Paper
‘Green’ resource frontiers, waste and the paradoxes of the Just Transition in the Northern Cape
presenters
Steven Robins
Nationality: South Africa
Residence: South Africa
Stellenbosch University
Presence:Face to Face/ On Site
Keywords:
Abstract:
Boom to bust cycles seem to be intrinsic to histories of both industrial mining and capitalism itself. As Anna Tsing has noted, the story of capitalism can be told as one of repetitive histories of “promise and ruin” (Tsing 2015:18). The boom to bust histories of modern mining in South Africa’s Northern Cape Province began in 1852 with copper, then diamonds in the 1870s, followed by asbestos and, in more recent years, the mining of iron resources and rare earths. The Northern Cape landscape is littered with the blasted landscapes (Tsing 2015) and the detritus of mining, including the nuclear waste site of Vaalputs. Yet, mining is still a major contributor to the GDP of the Northern Cape Province, and the region has recently had numerous new applications for shale-gas exploration, as well as the ongoing extraction from heavy mineral sand mining, uranium and base metals such as zinc, lead, and copper (Walker and Hoffman, 2023). And now the Northern Cape’s Namaqualand copper is seen by mining entrepreneurs to be once again on the upswing, this time as a vital ingredient for the 21st century green technological revolution.

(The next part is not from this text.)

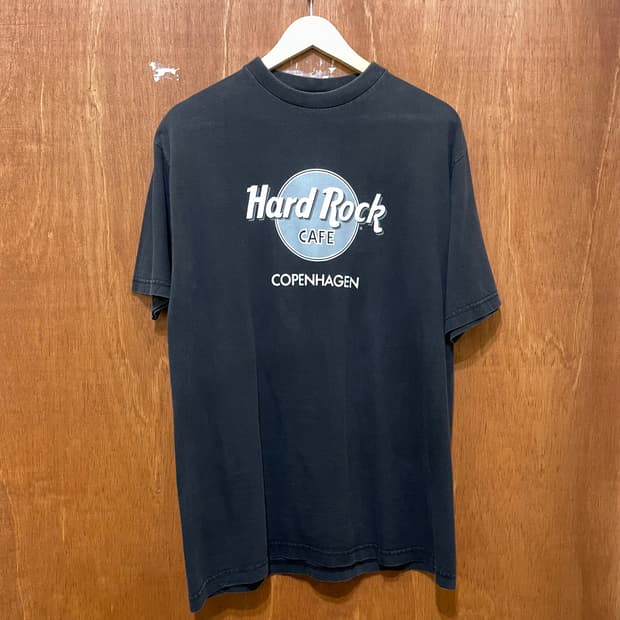 (L) Hard Rock cafe 하드락 카페 코펜하겐 반팔티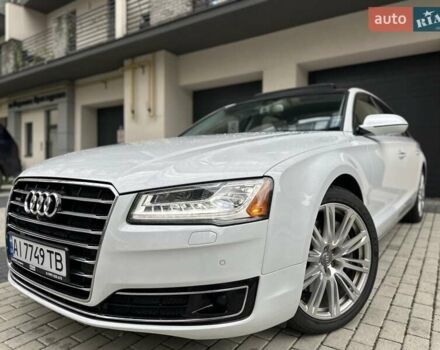 Білий Ауді A8, об'ємом двигуна 3 л та пробігом 185 тис. км за 19200 $, фото 1 на Automoto.ua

In fact, ‘sustainability’ is at the centre of this upbeat ‘green’ copper talk as well as ambitious plans for renewable energy and a R100b Green Hydrogen programme. Namaqualand copper mines that were closed for decades have recently been reopened with promises of a massive demand for copper to meet future ‘green energy’ needs. In Concordia, for example, a mine has started carting off tonnes of tailings from the town’s mine dumps to a processing plant in nearby Nababeep. Drawing on Gabrielle Hecht’s (2023) recent work on ‘residual governance,’ this paper will focus on problems of waste created by ‘green’ extractivism and how social movement activists envisage repair in these blasted landscapes.